We do not find that there was any change in the number of partners, or in the terms of the partnership agreement, during its continuance, nor until the final dissolution. It is alleged' that Obed Chase was a dormant partner with the defendants at the time of the formation of this company, and that he afterward became an ostensible partner, with the knowledge of all the partners in the plow company. But his becoming an ostensible partner did not, in fact, change his relations to either firm. He was interested in both, the same before as after he became such ostensible partner with Putnam & Chase.

But it is evident that he did not become a separate partner and member in the plow company for two reasons : First, It -would have been in direct conflict with the 12th article, which provided that there should be but three ; and, second, because if he had become a separate member he must, by the 5th article, have been held responsible for an equal share of the losses, and have been entitled to an equal share of the profits with each and every other separate member, which is not pretended, but the contrary is alleged in the answer.

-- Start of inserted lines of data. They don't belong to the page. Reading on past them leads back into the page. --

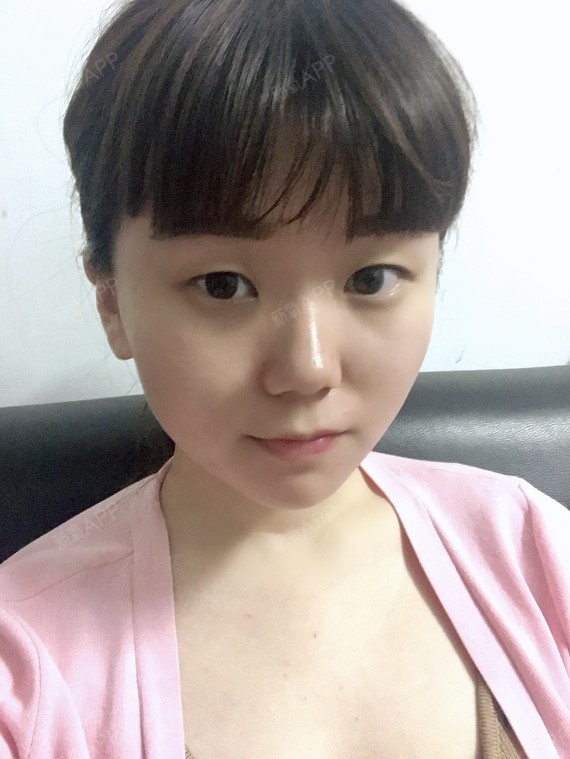 前有朋友在星雅做了双眼皮,术后的效果很好看,我很_圈子-新氧美容整形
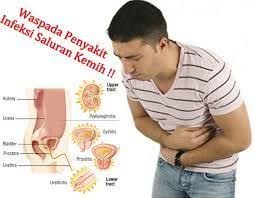 Obat Yang Tepat Untuk ISk (Infeksi Saluran Kemih) Di Apotik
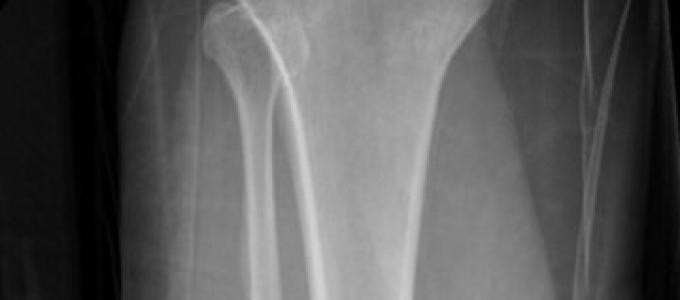 脛骨および腓骨の骨幹の骨折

Putnam & Chase, therefore, -whether with or without dormant or ostensible partners, whether one or more, are to be and constitute but one member of the new firm. The partners of the firm of Putnam & Chase may be few or many; they may own stock in equal or unequal proportions in that firm ; they may be dormant or ostensible partners; still Putnam & Chase are but a single member of the new plow company. Obed Chase’s changing from a dormant partner to an active one in the firm of Putnam & Chase, would not in the least affect either his -own relative position, or that *167 of his firm, to the new firm of which his firm had been and still continued to be a member. Chase may have kept the books as he says, keeping Obed Chase’s accounts separate from his own and Putnam’s, as a matter of convenience to his own firm ; but that did not bind any body else, and was no evidence of a change of members, or of the terms of agreement in the new plow company.

Nor was there any change when Palmer went to California. It is alleged by the defendants that he sold out his interest to Came ; but Palmer testifies that he is still interested the same as ever; and it is not very certain, upon the evidence, how that fact was. But even if it was a sale, it is evident that it was understood and assented to by all that Came should act for and represent that firm in the new plow company, and that every thing should proceed as before. Nothing was withdrawn from the company; no change was made; since the accounts are kept in the same way before and after this change, without any mention of such change, and without any notice of it whatever.

So, then, we are only to consider the written articles of agreement, and apply them to the settlement of all the questions that arise in this case from the commencement of the copartnership, May 5, 1851, to October 8, 1853, the day of its dissolution.

We can well enough conceive that after the company had gone into operation it might have been found convenient that Raymond and Came & Palmer should be authorized to make certain verbal contracts in their several departments, and such a usage might naturally enough grow up and be assented to ; and in that way the written article on that subject may have been subsequently modified by parol or by usage and consent. But this would be a very different thing from making an agreement by parol at the same time that another was made in writing, and directly conflicting with it. Whether there has been any such modification of the sixth article it is not material to settle, as it has no bearing upon any of the questions arising here.

It is admitted that Putnam & Chase were to collect the debts due the firm after its dissolution ; were to take the plows returned at a fixed price, and close up the affairs of the company, which it appears they have done; and there is nothing to show that this has not been done properly and in good faith, nor are any of the charges of fraud or misconduct or mismanagement on the part of the defendants sustained by the evidence.